> EXERCISE REQUIREMENTS: The answer is a stretch of the material below, returned exactly: the line containing "Sally does a curtsy in front of reporters.", the line containing "Gondolas at Are ski resort at sunset", and all lines between.

> DATA EXTRACTS:
Content starts
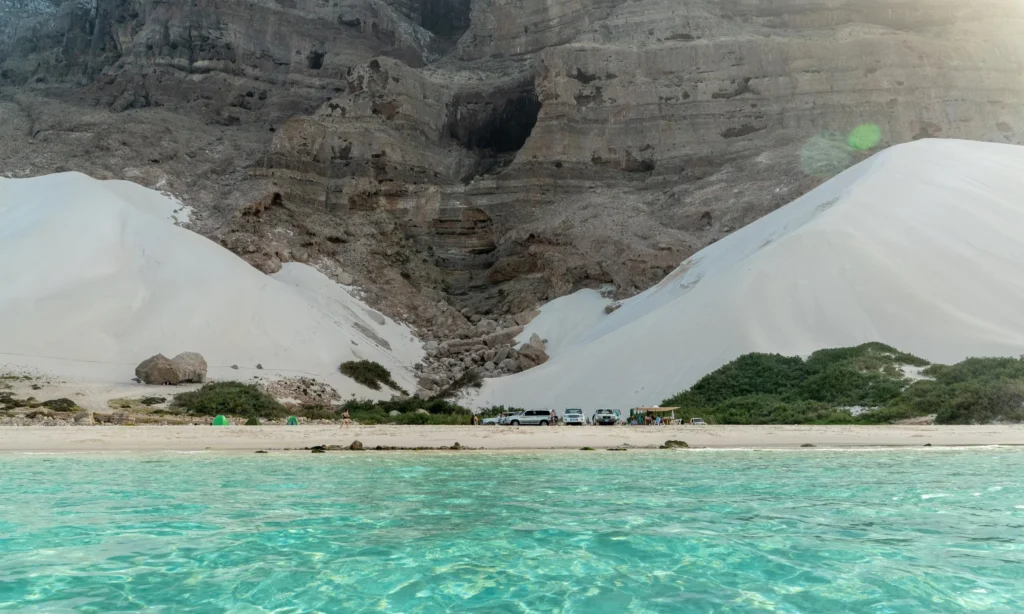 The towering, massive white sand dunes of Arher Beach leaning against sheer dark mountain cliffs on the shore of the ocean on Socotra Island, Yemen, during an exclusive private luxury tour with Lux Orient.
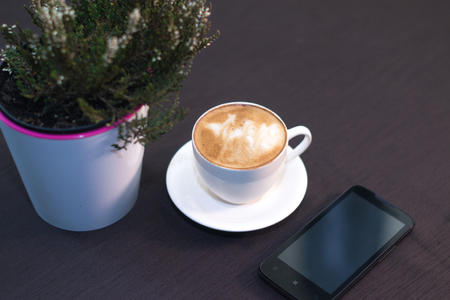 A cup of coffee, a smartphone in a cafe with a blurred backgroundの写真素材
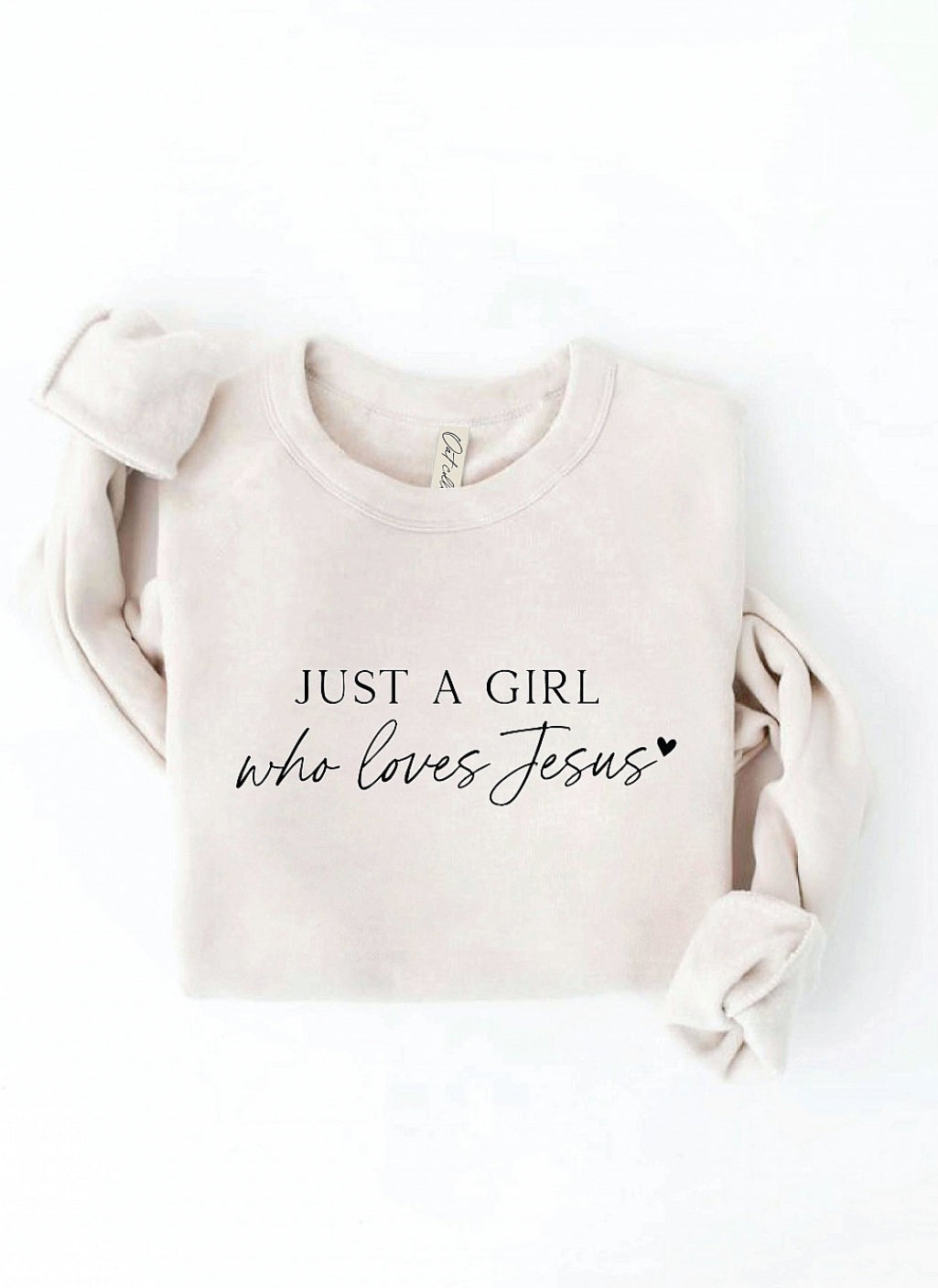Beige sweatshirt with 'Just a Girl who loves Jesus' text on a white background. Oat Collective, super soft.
Content ends
Content starts
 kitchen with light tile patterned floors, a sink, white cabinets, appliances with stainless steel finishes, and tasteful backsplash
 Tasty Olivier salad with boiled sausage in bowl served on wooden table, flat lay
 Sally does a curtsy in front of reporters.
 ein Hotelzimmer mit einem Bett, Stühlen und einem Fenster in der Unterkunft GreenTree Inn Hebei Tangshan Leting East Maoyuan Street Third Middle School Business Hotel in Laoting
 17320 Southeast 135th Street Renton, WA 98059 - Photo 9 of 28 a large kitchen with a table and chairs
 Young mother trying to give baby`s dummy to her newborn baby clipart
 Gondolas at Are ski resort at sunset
Content ends
Content starts
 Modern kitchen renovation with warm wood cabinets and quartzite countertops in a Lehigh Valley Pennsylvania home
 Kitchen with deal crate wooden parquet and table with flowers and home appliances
Content ends
> RESULT FOR THIS TASK:
 Sally does a curtsy in front of reporters.
 ein Hotelzimmer mit einem Bett, Stühlen und einem Fenster in der Unterkunft GreenTree Inn Hebei Tangshan Leting East Maoyuan Street Third Middle School Business Hotel in Laoting
 17320 Southeast 135th Street Renton, WA 98059 - Photo 9 of 28 a large kitchen with a table and chairs
 Young mother trying to give baby`s dummy to her newborn baby clipart
 Gondolas at Are ski resort at sunset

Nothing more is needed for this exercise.